The commission also calls on more to be spent on social care, and called the current system “not fit for purpose”. In its final report, Fairer Care Funding, the Commission on Funding of Care and Support – also known as the Dilnot Commission, after economist Andrew Dilnot who headed it – made numerous recommendations for the government to consider. The main recommendations are:

  • The lifetime contribution to adult social care costs that any individual needs to make to be capped at between £25,000 and £50,000
  • Means-tested support should continue for those of lower means, and the asset threshold for those in residential care beyond which no means-tested help is given should increase from £23,250 to £100,000
  • Those who enter adulthood already having a care and support need should immediately be eligible for free state support to meet their care needs, rather than being subjected to a means test
  • Universal disability benefits for people of all ages should continue as now. The commission recommends that the government consider how better to align benefits with the reformed social care funding system and that Attendance Allowance should be retained but re-branded to clarify its purpose
  • A shift to national standardised eligibility thresholds. In the short-term, the commission recommends a minimum eligibility threshold to be set nationally at ‘substantial’ under the current system
  • The Government should urgently develop a more objective eligibility and assessment framework
  • Assessments should be portable between local authority areas
  • Significant improvement in the provision of information and advice, including placing a statutory duty on local authorities to provide information, advice and assistance services in their areas. These should be available to all people, irrespective of how their care is funded or provided
  • Carers should be supported by improved assessments that take place alongside the assessment of the person being cared for and which aim to ensure that the impact on the carer is manageable and sustainable
  • More joined-up working across the whole care and support system – health, housing, benefits and adult social care.

Dilnot said: “The issue of funding for adult social care has been ignored for too long. We should be celebrating the fact we are living longer and that younger people with disabilities are leading more independent lives than ever before. But instead we talk about the ‘burden of ageing’ and individuals are living in fear, worrying about meeting their care costs. “The current system is confusing, unfair and unsustainable. People can’t protect themselves against the risk of very high care costs and risk losing all their assets, including their house.

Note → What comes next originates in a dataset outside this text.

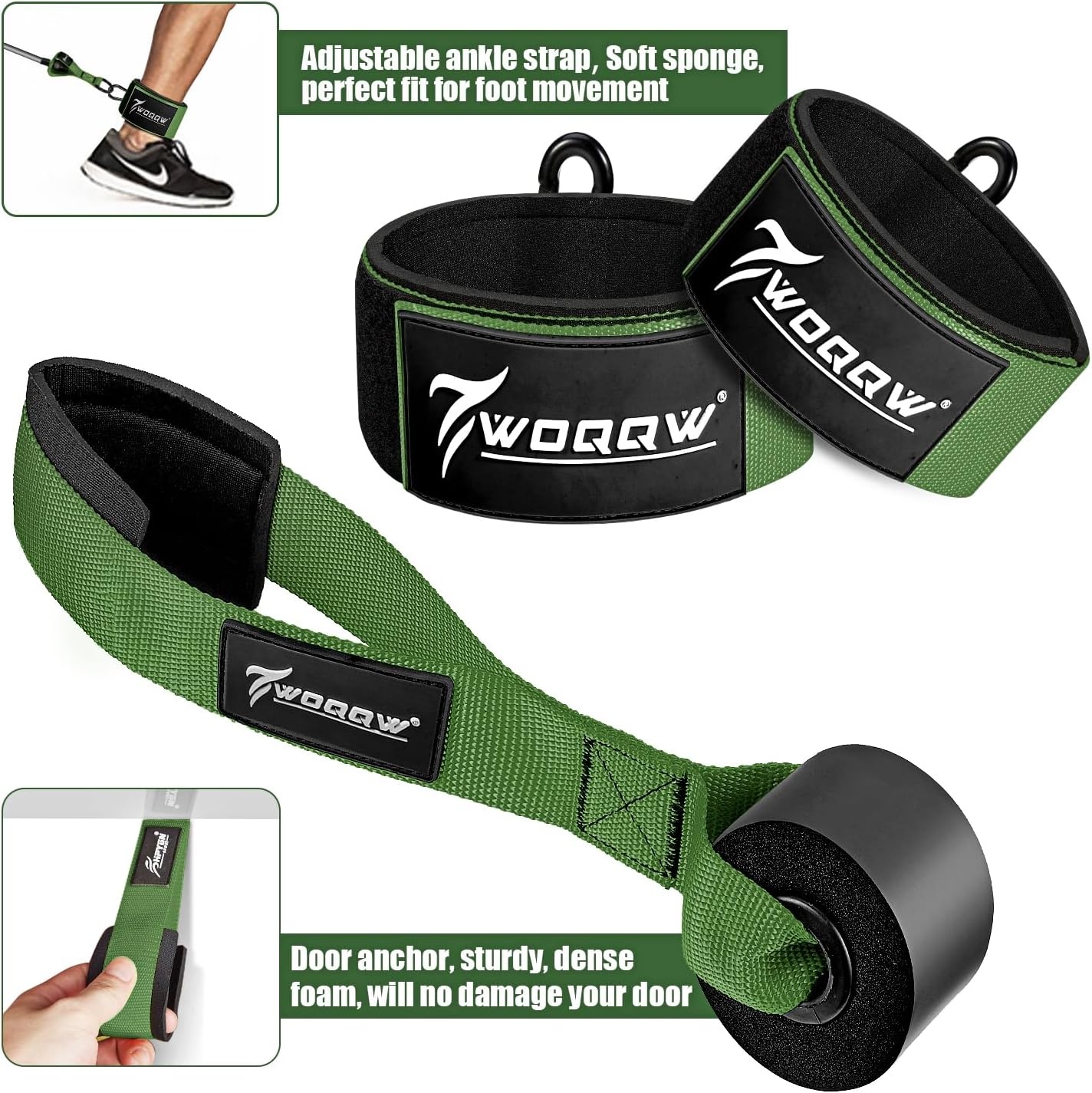 image:imageWOQQW Heavy Resistance Bands for Working Out 350lbs450lbs Exercise Bands with Handles Workout Bands Set for Men Fitness Weight Bands for Muscle Strength TrainingStretchingSlimHome Gym EquipmentGreen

This problem will only get worse if left as it is, with the most vulnerable in our society being the ones to suffer. “Under our proposed system, everybody who gets free support from the State now will continue to do so and everybody else would be better off. The commission’s proposals have been welcomed by learning disability charities. Mark Goldring, Mencap’s chief executive, said: “The social care system is broken and in urgent need of fixing. The Dilnot Report makes some welcome recommendations that we believe will create a fairer funding system for people who are in dire need of care. “Now is the time for monumental change and it is vital that the government does not bury social care reform. The government must be brave, listen to these recommendations and act quickly. As a government and as a society we simply cannot afford not to fix this broken system.”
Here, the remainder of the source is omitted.